The third and least studied dimension of the terror deals with the elimination of "counter-revolutionary national contingents" between February and November 1938. Initially, these purges were eclipsed by the main operation against the kulaks. But the purge of Germans (NKVD Order #00439) was launched simultaneously in late July 1937 (NKVD Order #00439); the liquidation of "Polish subversives and spies" followed in August (Order #00485); and in September the NKVD launched an operation against the so-called "Harbin expatriates" - mostly Russians who had worked on the Chinese Military Railroad and returned home only to be blacklisted as "Japanese spies" (Order #00593).

The biggest "ethnic" operation was the deportation of the entire Korean population from the Far East to Kazakhstan and Uzbekistan.

These four actions were spearheaded against the Soviet Union's main foes: Germany, Poland and Japan. The NKVD and the Central Committee associated the purges with stepped-up efforts to counter enemy intelligence operations, above all in border areas and at defense installations; the "enemy" was also suspected of provoking insurgencies.

In 1938, the purges spread en masse to the Afghans, Estonians, Latvians, Finns, Greeks, Iranians, Chinese, Romanians, and finally Bulgarians and Macedonians residing on Soviet territory. A total of 335,513 people were convicted under NKVD "ethnic" orders; an estimated 244,925 of them - 73% - were sentenced to death.

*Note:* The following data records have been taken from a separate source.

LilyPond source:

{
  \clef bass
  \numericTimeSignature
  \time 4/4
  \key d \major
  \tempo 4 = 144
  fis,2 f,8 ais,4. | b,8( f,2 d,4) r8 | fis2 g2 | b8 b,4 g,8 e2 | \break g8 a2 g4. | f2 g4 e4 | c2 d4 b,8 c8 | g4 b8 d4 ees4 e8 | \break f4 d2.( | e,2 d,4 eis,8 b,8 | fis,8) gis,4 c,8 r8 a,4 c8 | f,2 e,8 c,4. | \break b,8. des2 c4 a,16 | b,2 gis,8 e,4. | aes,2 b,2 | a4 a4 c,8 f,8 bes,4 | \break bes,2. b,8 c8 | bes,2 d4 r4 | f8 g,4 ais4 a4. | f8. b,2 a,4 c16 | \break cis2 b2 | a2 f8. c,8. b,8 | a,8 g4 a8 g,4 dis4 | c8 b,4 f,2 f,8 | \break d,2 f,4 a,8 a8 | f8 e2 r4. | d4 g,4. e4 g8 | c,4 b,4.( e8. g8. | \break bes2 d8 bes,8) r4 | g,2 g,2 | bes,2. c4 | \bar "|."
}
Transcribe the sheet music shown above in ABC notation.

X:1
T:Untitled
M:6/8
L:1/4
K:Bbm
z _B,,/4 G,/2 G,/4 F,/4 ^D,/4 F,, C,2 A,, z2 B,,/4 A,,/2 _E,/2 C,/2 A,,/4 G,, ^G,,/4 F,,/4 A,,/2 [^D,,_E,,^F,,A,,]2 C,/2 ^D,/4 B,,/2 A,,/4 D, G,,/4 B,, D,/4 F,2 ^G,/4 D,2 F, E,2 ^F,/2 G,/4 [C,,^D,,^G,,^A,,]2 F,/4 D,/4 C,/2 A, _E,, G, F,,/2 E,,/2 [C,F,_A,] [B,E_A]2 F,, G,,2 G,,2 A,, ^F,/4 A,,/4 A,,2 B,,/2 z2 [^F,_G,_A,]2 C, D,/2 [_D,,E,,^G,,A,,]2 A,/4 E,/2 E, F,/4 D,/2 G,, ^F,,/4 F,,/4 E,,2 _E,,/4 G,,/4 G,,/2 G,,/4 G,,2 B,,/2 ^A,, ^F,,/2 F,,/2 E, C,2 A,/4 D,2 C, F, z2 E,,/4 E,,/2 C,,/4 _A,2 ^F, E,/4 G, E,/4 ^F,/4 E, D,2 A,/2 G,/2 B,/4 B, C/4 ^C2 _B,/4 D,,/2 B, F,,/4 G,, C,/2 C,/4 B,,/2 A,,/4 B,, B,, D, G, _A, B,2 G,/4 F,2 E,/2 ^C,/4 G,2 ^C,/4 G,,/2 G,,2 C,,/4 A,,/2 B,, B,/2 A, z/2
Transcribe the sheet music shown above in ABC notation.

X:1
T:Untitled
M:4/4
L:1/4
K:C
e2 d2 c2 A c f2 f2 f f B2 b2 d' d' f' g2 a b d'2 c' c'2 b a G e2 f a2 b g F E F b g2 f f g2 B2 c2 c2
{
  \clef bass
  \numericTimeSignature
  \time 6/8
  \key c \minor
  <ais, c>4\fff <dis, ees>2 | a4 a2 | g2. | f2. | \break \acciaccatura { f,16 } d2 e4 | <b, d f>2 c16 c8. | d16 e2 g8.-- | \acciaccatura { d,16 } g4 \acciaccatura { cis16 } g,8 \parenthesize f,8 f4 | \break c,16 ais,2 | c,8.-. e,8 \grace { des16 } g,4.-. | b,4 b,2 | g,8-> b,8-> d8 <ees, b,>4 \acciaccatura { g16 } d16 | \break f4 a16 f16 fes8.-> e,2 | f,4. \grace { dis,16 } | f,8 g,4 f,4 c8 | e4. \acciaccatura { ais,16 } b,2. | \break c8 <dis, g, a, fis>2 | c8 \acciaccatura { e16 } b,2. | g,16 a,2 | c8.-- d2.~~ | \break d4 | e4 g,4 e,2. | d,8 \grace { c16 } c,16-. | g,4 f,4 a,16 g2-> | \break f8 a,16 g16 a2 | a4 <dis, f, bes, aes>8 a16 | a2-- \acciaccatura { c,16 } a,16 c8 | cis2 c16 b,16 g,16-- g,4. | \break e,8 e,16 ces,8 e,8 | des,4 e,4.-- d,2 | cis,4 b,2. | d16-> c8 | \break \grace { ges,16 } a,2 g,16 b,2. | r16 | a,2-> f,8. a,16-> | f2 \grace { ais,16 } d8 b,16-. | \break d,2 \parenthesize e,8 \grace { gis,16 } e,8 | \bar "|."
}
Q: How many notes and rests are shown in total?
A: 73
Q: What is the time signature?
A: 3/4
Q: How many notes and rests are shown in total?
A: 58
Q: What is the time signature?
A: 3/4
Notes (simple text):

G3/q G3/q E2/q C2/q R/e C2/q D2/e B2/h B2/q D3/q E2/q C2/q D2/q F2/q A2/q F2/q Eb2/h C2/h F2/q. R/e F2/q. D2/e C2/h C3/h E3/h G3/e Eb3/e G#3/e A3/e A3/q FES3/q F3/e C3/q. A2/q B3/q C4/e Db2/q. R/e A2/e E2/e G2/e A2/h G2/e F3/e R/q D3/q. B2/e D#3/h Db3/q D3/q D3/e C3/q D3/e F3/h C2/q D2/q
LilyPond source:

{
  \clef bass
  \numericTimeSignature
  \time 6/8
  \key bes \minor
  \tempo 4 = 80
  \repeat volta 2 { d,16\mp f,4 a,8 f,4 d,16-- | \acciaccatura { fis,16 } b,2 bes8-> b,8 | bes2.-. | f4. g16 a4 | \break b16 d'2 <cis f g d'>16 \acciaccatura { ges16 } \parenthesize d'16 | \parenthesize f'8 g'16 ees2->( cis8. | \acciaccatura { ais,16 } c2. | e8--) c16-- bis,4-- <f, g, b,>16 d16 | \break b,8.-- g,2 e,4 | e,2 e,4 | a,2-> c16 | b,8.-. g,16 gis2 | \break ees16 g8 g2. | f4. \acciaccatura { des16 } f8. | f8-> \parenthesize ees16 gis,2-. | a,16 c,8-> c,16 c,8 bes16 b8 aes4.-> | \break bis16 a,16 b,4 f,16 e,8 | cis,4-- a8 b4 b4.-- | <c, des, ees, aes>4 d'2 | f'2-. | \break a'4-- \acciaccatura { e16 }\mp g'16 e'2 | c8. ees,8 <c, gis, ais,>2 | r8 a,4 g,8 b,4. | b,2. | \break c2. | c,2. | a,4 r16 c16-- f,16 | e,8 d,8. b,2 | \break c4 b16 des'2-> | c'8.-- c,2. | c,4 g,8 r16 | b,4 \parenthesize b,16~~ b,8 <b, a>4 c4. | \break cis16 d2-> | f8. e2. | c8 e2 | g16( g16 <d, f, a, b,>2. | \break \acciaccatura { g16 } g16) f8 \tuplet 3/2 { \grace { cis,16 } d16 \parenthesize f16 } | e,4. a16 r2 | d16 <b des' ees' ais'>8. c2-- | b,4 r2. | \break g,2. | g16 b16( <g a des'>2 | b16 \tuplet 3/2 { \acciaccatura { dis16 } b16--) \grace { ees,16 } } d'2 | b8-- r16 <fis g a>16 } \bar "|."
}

The Great Terror's main operation (Order #00447) also had an ethnic dimension. This is often the subject of informed discussions, but it is also sometimes exploited for political purposes. Historians often quote Ukrainian People's Commissar of the Interior Alexader Uspensky as saying that all Ukrainian Poles and Germans were engaged in spying and subversion and that 75%-80% of Ukrainians were "bourgeois nationalists."

People's Commissar Lavrenty Beria was fighting against "counter-revolutionary nationalists" in Georgia, while NKVD officer Vladimir Mikhailov was doing the same in Tatarstan. In Turkmenistan, the authorities were worried about the activities of the armed nationalist forces (former Basmachi, or counter-revolutionary robbers in Central Asia, and emigre religious leaders who were ostensibly trying to establish a "Turkic-Tatar state"). The republican communist parties showered the Kremlin with requests to raise death quotas for ethnic and other operations.

However, now the purges of nationalists are often blamed not on Stalin and his government, but on the Jews or Russians in the regime. The Nazis were the first to make such an allegation when, after losing the battle of Stalingrad, they emphasized the ethnic side of the terror in order to mobilize armed detachments of ethnic minorities. Later on, various emigre circles began to play the terror's ethnic card. These efforts began to wear away at the essence of the Great Terror, that horrific tragedy of the 20th century. Today, the victims of the purges are exploited in political battles and election campaigns. Sooner or later, the public will realize the futility of this dangerous gambling with the past and will return to an honest discussion in order to prevent such a calamity from ever happening again.

Tens of thousands of Soviet citizens willingly denounced their colleagues, neighbors and even families, whereas some NKVD members sacrificed themselves and blocked these reports to save total strangers. In neither case did their conduct have anything to do with ethnic identity. But we must treat this question with candor if we are to guarantee that the terror will remain a thing of the past.

Gennady Bordyugov is a research project manager with the Association of Researchers of Russian Society and a member of the RIA Novosti expert council.

The opinions expressed in this article are the author's and do not necessarily represent those of RIA Novosti.